O mercado de pedras preciosas é um dos mais instigantes do mundo. Seus adeptos são quase sempre bilionários que fizeram fortuna em áreas sujeitas a grandes tensões comerciais, como petróleo e mineração, ou então celebridades que não sabem muito bem como gastar dinheiro, ou até mesmo empreendedores que construíram impérios da noite para o dia. Em comum, todos eles possuem uma característica principal: o desejo do anonimato. Seja para fugir das garras fiscais, seja apenas para preservar a privacidade, os ultrarricos movimentam discretamente bilhões de dólares todos os anos ao negociar joias extravagantes, sem que se tenha notícia do destino das brilhantes mercadorias. O caso mais recente desse universo digno do cinema se deu há alguns dias. O Yan, um anel de diamantes de 12 quilates, foi arrematado por 15,8 milhões de dólares (86 milhões de reais), o dobro do valor esperado pela casa de leilão britânica Christie’s. Como não poderia deixar de ser, o nome do comprador foi mantido em sigilo, mas isso não ofuscou o fato de ter sido o preço mais alto pago por uma joia em 2020 — e também um dos maiores valores de todos os tempos.

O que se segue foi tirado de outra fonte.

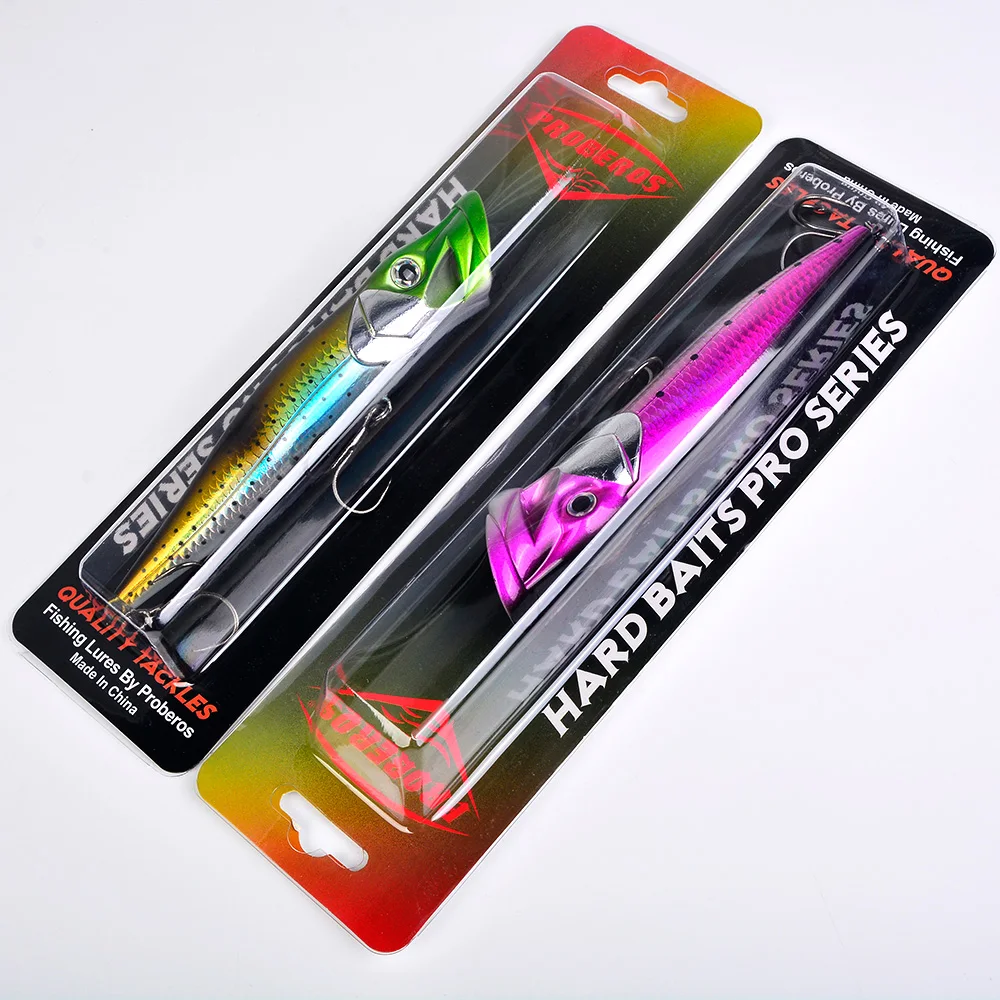 Proberos Topwater Floating Popper Köder, Künstlicher Harter Wobbler mit Rassel, 19g/50g Weitwurf-Oberflächenköder – Detail 13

A peça foi classificada por especialistas como “impecável”. Para entender o que isso significa, é preciso recorrer aos critérios consagrados por eles. “O valor de uma joia é determinado pela combinação de quatro fatores: cor, clareza, corte e peso em quilates”, disse a VEJA David Warren, diretor sênior da Christie’s. O Yan reúne todos esses atributos, e por essa razão foi negociado a um preço recorde. O curioso é que muitas das vendas finalizadas na batida do martelo são encaradas como investimentos pelos bilionários. Eles poderiam simplesmente comprar ações, financiar empresas ou investir em um novo negócio. Preferem, no entanto, o risco e a emoção de comprar um bem palpável, que precisa ser mantido em lugar seguro, para não ser surrupiado por criminosos. A lógica é simples. Quanto mais belas e raras forem as joias e pedras preciosas, maior a probabilidade de aumentarem seu valor de mercado. Se isso ocorrer, os compradores podem recolocá-las na praça, recorrendo aos leilões. Segundo a Christie’s, a pandemia do coronavírus e a crise global desencadeada por ela não tiveram efeito sobre esse mercado.
A casa fundada em Londres em 1766 promoveu com sucesso uma série de leilões on-line, todos com vendas acima de 90%. Em um deles, um diamante recebeu 31 propostas vindas de quatro países e foi comprado por 2,1 milhões de dólares (11 milhões de reais), um recorde entre as joias negociadas virtualmente. A nova possibilidade veio para ficar, garante Rahul Kadakia, chefe internacional de joias da Christie’s. “A venda dessa pedra excepcional demonstrou a maior confiança dos clientes nas vendas on-line”, disse. Ações de divulgação no site, como exposições em realidade aumentada, e postagens nas redes sociais da empresa ajudaram a rejuvenescer seu público-alvo: o número de visitantes diários no site da Christie’s cresceu 70%, na comparação com o ano passado, e, mais surpreendente ainda, 44% dos compradores virtuais têm menos de 45 anos — muitos deles são, portanto, novos bilionários. Os valores trazem para a Christie’s a esperança de que o recorde de joia mais cara possa ser batido em breve.